Mark Gritter (markgritter) wrote,
Mark Gritter

Inspiration fails on Globs/Floodit

I have previously mentioned trying to find an efficient way to solve Globs/Floodit, a solitaire game.

Last night I thought I had an inspiration. Given a 25-move limit, I thought I could do "forward search" to 13 moves, record all positions in an efficient lookup structure, and then to "backward search" looking for matches. Once an (approximate) midpoint move was found, reconstructing the 13 original moves to get there would be feasible.

I coded up the forward search fairly quickly, and it turned out to be as efficient as hoped. Then I realized there was no feasible way to generate reverse moves--- duh! From the solution state, any arbitrary subset of the spots of one color might have been "unstuck" on the (N-1)th move.

So, anyway, here is what the search space looks like for a randomly-generated instance:

===== Depth 1 ===== Found 2 successor states.
===== Depth 2 ===== Found 5 successor states.
===== Depth 3 ===== Found 14 successor states.
===== Depth 4 ===== Found 45 successor states.
===== Depth 5 ===== Found 162 successor states.
===== Depth 6 ===== Found 571 successor states.
===== Depth 7 ===== Found 1920 successor states.
===== Depth 8 ===== Found 6178 successor states.
===== Depth 9 ===== Found 19074 successor states.
===== Depth 10 ===== Found 57487 successor states.
===== Depth 11 ===== Found 171833 successor states.
===== Depth 12 ===== Found 513755 successor states.
===== Depth 13 ===== Found 1533995 successor states.
===== Depth 14 ===== Found 4528198 successor states.
===== Depth 15 ===== Found 12971218 successor states.
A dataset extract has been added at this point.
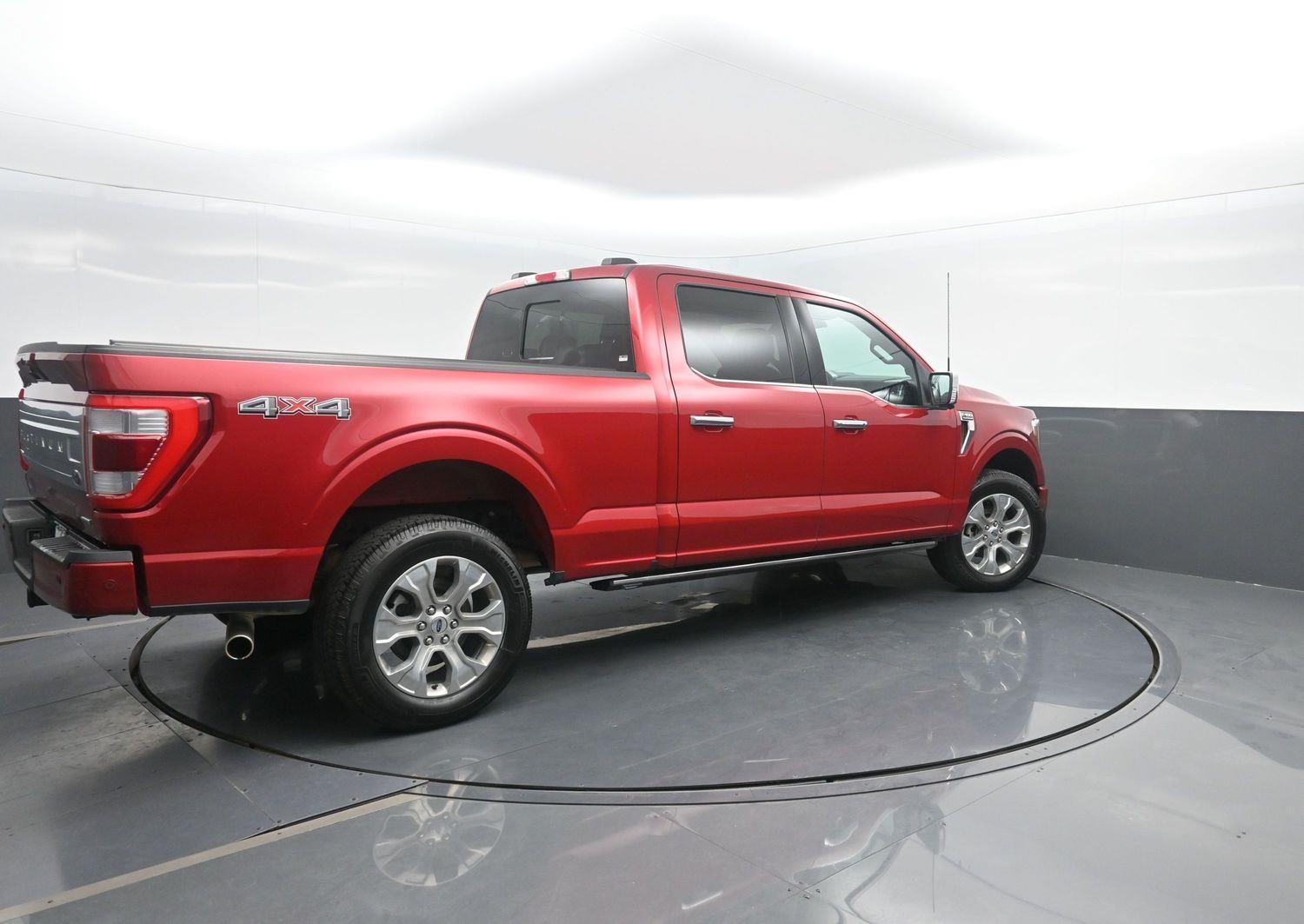 Used 2023 Rapid Red Metallic Tinted Clearcoat Ford Platinum image 2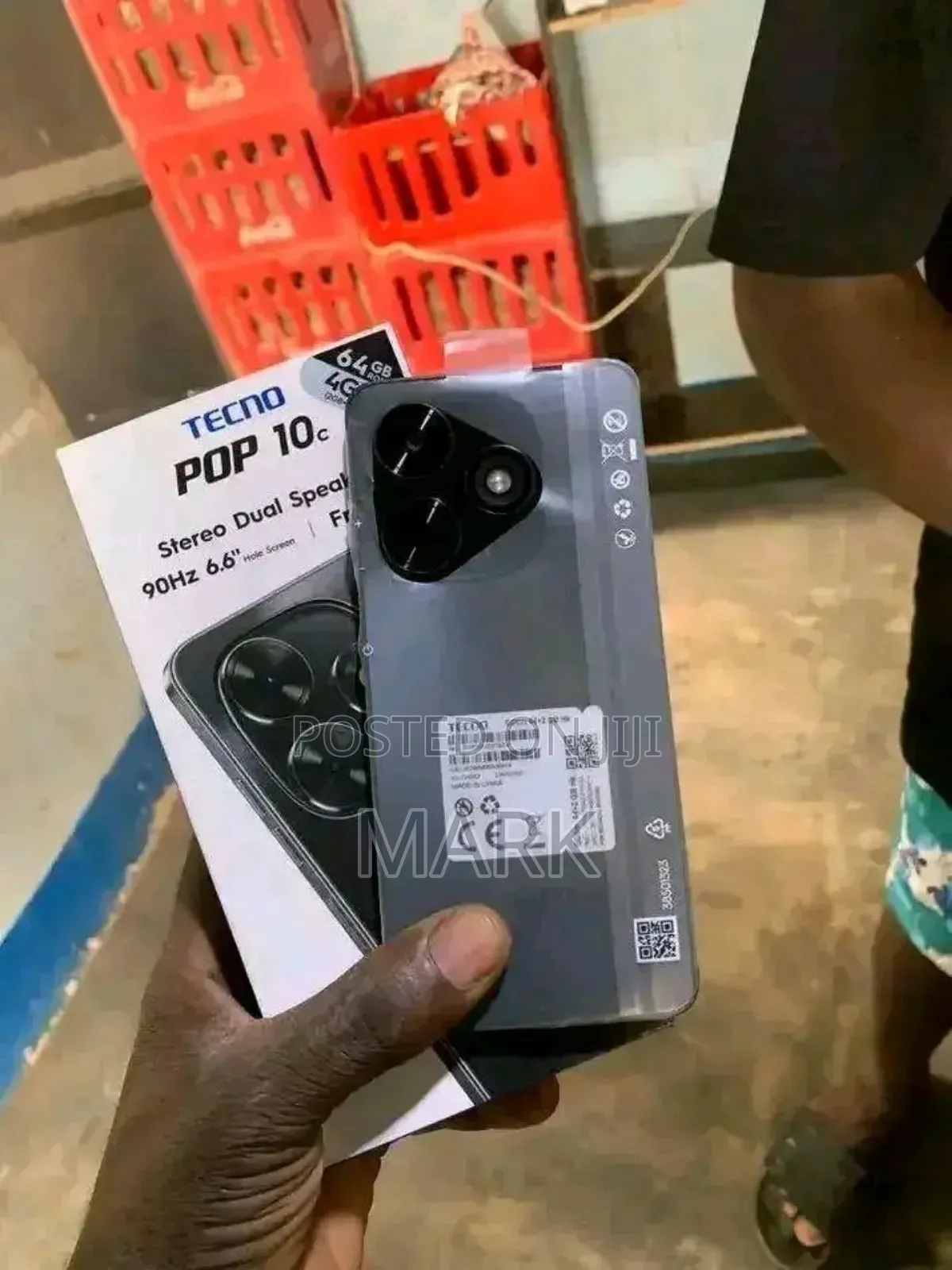 New Tecno Pop 10C 64 GB Black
It looks like the effective branching factor is about 3 rather than 5. It should be possible to solve the problem from depth 13 or so using bounded DFS from each of the 1.5M midpoints. My algorithm found duplicates but it didn't find dominated paths, so that could help too--- bound the DFS by anything already in the midpoint set. Reverse search, had it been feasible, would really have cut down the search time, though.